Below I outline the most important areas for business managers to consider when they are looking to renegotiate outsourcing contracts.

Conduct due diligence

One of the key aspects to renegotiating an outsourcing contract is carrying out due diligence to assess market competition and ensure effective benchmarking. On average, firms only receive 72% of the value they expected from outsourcing contracts, according to a survey conducted by ISG. This suggests that businesses need to understand better what services they are trying to secure from a particular outsourcer when they are re-negotiating to make sure the contract does match their needs. It will also facilitate the monitoring of financial and quality performance indicators, either continuously or at specific intervals.  As a result, companies will be less vulnerable to renewing a contract that is not really suitable and getting services that they don’t really need.

Reduce costs/drive profitability

ISG reported that 167 outsourcing contracts were awarded in EMEA in the fourth quarter of 2013, a 25% rise year on year but the annual contract value fell to £1.8bn, a decrease of 20%. As the size of the outsourcing market grows, companies are gaining more leverage in negotiating prices, as outsourcers fear losing customers to their competitors. Introducing clauses and guarantees to ensure that outsourcing companies commit to providing you with their best prices and high-quality service is a useful tool to ensure that your business also gets maximum value from the contract.

Furthermore, in an environment where innovation is prospering, companies should attempt to renegotiate increased flexibility, including staggered financial payment packets, which help boost cash flow, and shorter, more agile contracts.

Increase scope control

After agreeing what is included in the scope for both parties, implementing appropriate ‘change control mechanisms’ to permit changes over time is essential. Throughout a contract period the circumstances of both parties may change greatly, due to internal business dealings or macroeconomic influences; therefore it is vital that a contract is flexible enough to take this into account.

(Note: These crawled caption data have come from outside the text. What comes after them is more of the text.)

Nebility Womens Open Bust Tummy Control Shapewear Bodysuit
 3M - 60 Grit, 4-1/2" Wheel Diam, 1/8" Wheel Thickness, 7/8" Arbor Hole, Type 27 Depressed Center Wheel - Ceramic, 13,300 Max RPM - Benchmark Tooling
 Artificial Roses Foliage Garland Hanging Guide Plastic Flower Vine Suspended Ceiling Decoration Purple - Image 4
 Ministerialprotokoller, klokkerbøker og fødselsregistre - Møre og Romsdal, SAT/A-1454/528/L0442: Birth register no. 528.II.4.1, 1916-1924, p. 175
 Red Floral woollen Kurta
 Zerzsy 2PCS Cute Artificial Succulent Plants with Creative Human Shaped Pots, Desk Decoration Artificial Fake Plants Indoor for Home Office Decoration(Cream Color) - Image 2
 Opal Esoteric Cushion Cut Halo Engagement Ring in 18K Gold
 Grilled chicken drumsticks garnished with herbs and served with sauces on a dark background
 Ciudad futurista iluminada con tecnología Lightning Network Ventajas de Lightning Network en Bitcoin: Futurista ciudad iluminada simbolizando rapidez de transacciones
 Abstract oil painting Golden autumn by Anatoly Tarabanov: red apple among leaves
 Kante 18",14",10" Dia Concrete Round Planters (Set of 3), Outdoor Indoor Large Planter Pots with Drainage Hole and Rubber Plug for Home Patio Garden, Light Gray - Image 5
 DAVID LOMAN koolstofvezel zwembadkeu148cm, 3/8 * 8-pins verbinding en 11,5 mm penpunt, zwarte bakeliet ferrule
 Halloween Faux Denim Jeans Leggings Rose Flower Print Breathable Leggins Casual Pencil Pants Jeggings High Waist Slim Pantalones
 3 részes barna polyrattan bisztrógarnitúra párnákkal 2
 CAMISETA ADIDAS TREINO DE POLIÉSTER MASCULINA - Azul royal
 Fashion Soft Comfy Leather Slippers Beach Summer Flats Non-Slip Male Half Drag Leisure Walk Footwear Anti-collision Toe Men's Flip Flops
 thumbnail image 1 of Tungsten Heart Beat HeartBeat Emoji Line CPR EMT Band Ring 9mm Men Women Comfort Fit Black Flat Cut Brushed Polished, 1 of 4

In particular, if a customer wishes to assume responsibility for an in-scope service at any given point, this flexibility will need to be negotiated and included as part of the initial contract. Under such circumstances, the expectations of both parties must be clearly identified to prevent misunderstandings that can have a detrimental effect on the relationship.

Communicate goals clearly

Many issues that arise from outsourcing contracts are due to a breakdown in communication or poor governance. It is important to be clear at the outset of the renegotiation on the administrative overlap between the client and the third party, outlining how the businesses should work together to produce common goals. This involves a high level of communication not only during the renegotiating process but also throughout the length of the contract in order to increase trust and ultimately efficiency.

Prepare for exit

Exiting a contract should be a last resort. Before doing so, companies should carefully evaluate the existing partnership and explore the areas listed above to see how the contract could be changed to better suit the company’s needs. However, it is also important to have an exit strategy so as not to be caught out if a relationship fails irreparably. The contract should clearly state precisely what is expected from both parties as the relationship draws to a close. Conditions will be largely business-specific but certain areas such as seeing out current orders, continuing to provide consistent standards and the settlement of outstanding accounts should be addressed to reduce risk and minimise complications.

So as companies seek to become more efficient and take advantage of an improving economic landscape, mutually beneficial outsourcing contracts are becoming increasingly important. This is as good a time as any for smaller businesses to take the initiative and ensure that they are driving down costs and boosting performance. Successful renegotiation of a contract could breathe a new lease of life into tired, underproductive relationships.